4

I need a worker role that takes a txt file from a Blob and bulk it into an Azure Sql table.

I'm using the SqlBulkCopy provided by LumenWorks.Framework.IO, I've created 2 version of the worker role: 1) read the entire file, load it into a DataTable, execute the SqlBulkCopy 2) StreamRead the file and pass the Stream to the SqlBulkCopy

The problem is that the second version has like half of the performance of the first one.

As an example with a 10MB txt file, with 90'000 records: -first version: half a second to load file, 2 seconds to convert to a DataTable, 20 seconds for the SqlBulkCopy

-second version: 50 seconds total (more than double!)

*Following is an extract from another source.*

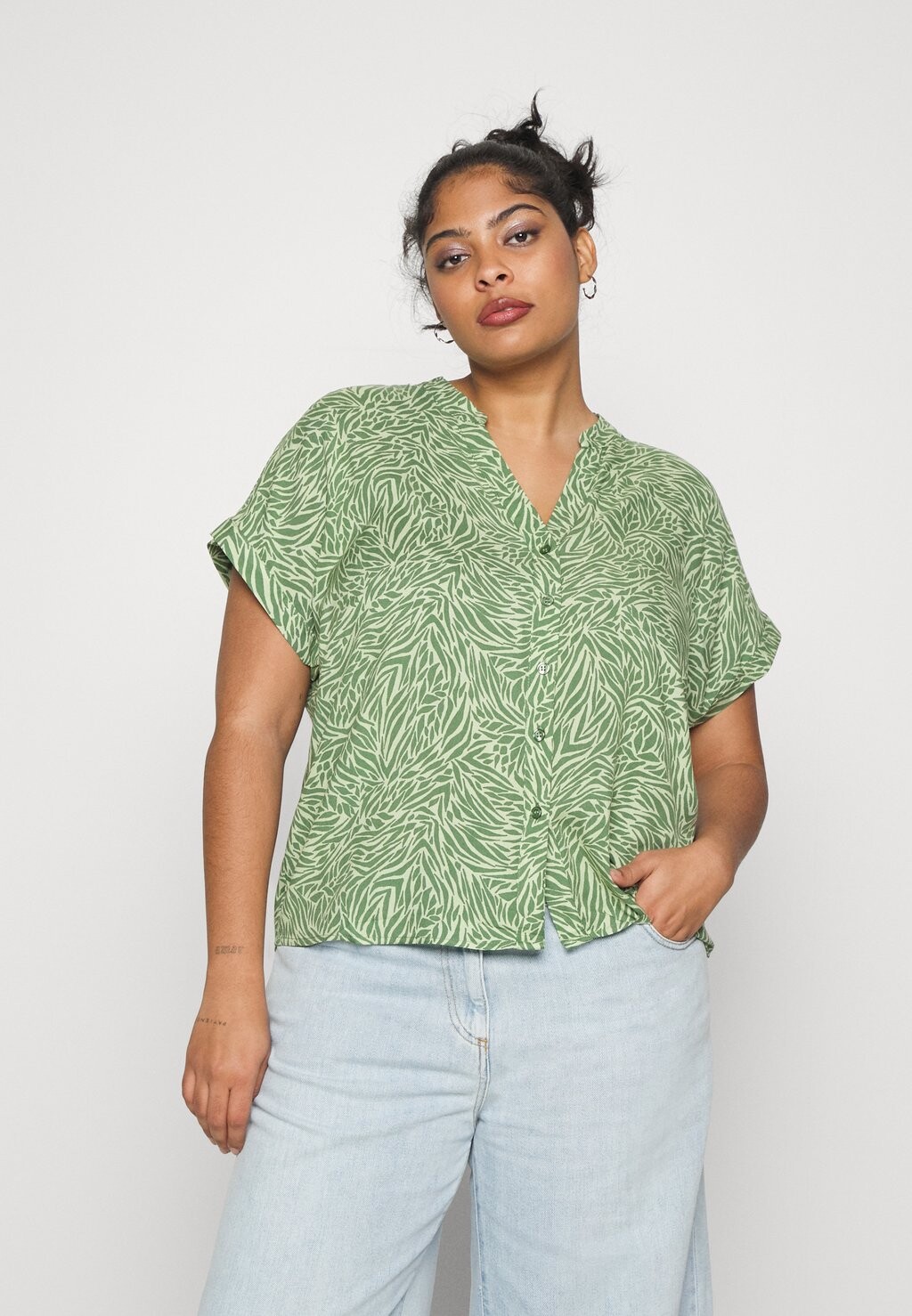 

Блузка Vero Moda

I've tried to change the BatchSize but it doesn't seem to make much difference and I don't know what im doing wrong, here is the 2' version code:

using (var stream = await blockBlob.OpenReadAsync(cancellationToken))
using (var reader = new StreamReader(stream))
using (var csv = new CsvReader(reader, true, ';'))
using (var conn = new SqlConnection(CloudConfigurationManager.GetSetting("TestDbConn")))
{
      await conn.OpenAsync(cancellationToken);
      connAperta = true;
      using (var transaction = conn.BeginTransaction())
      using (var bulkCopy = new SqlBulkCopy(conn, SqlBulkCopyOptions.KeepIdentity | SqlBulkCopyOptions.TableLock, transaction))
      {
             bulkCopy.BulkCopyTimeout = 300;
             bulkCopy.DestinationTableName = "[3sc_base_1]";
             await bulkCopy.WriteToServerAsync(csv, cancellationToken);
             transaction.Commit();
      }
}

What i'm doing wrong??

Simone
  • 332
  • 4
  • 16
  • What exactly is the question here? By SqlBulkCopy you have the entire file in local memory, then send it to the server. By streaming, you wait first for the HTTP REST stream to come to your worker, then redirect it to the Azure SQL Database. And when you found the faster, just use it. – astaykov Jan 25 '15 at 16:50
  • The problem of course is that I want to use the stream version, otherwise I could have problem with bigger files if I loaded them in memory at once. The 2 methods do the same thing, they read a file and then execute a query on the database, that means that logically speaking if I execute those 2 operations as indipendent actions one after the other they should not be faster than using a single action by using streams (not that faster at least). So my results makes no sense, of course I made a mistake, but what is that mistake? I think that it has to do with SqlBulkCopy options – Simone Jan 26 '15 at 09:25
  • so in both cases you are reading file from Blob? just in case 1 you download the file first, then load in memory, then push to SqlBulkCopy. While is second case you want to stream from Blob stream directly into SQLBulkCopy? And in both cases you measure the time starting with BLob operation first (including blob download time in your case 1) ? – astaykov Jan 26 '15 at 11:32
  • exactly, in both cases I took the entire process time into consideration, I understand that SqlBulkCopy could perform better if it has the entire file in memory but i think that by specifying BatchSize it shouldn't make any difference – Simone Jan 26 '15 at 15:24
  • Try tweaking `bulkCopy.BatchSize = 1000;` – minghan Jan 18 '16 at 20:30

1 Answers1

0

Have a look at the new Azure SQL Database capability to bulk upload directly from an Azure Storage account.

This should be the fastest and easiest way to achieve what you want unless you are not streaming directly but doing transformation as well.

aboersch
  • 128
  • 10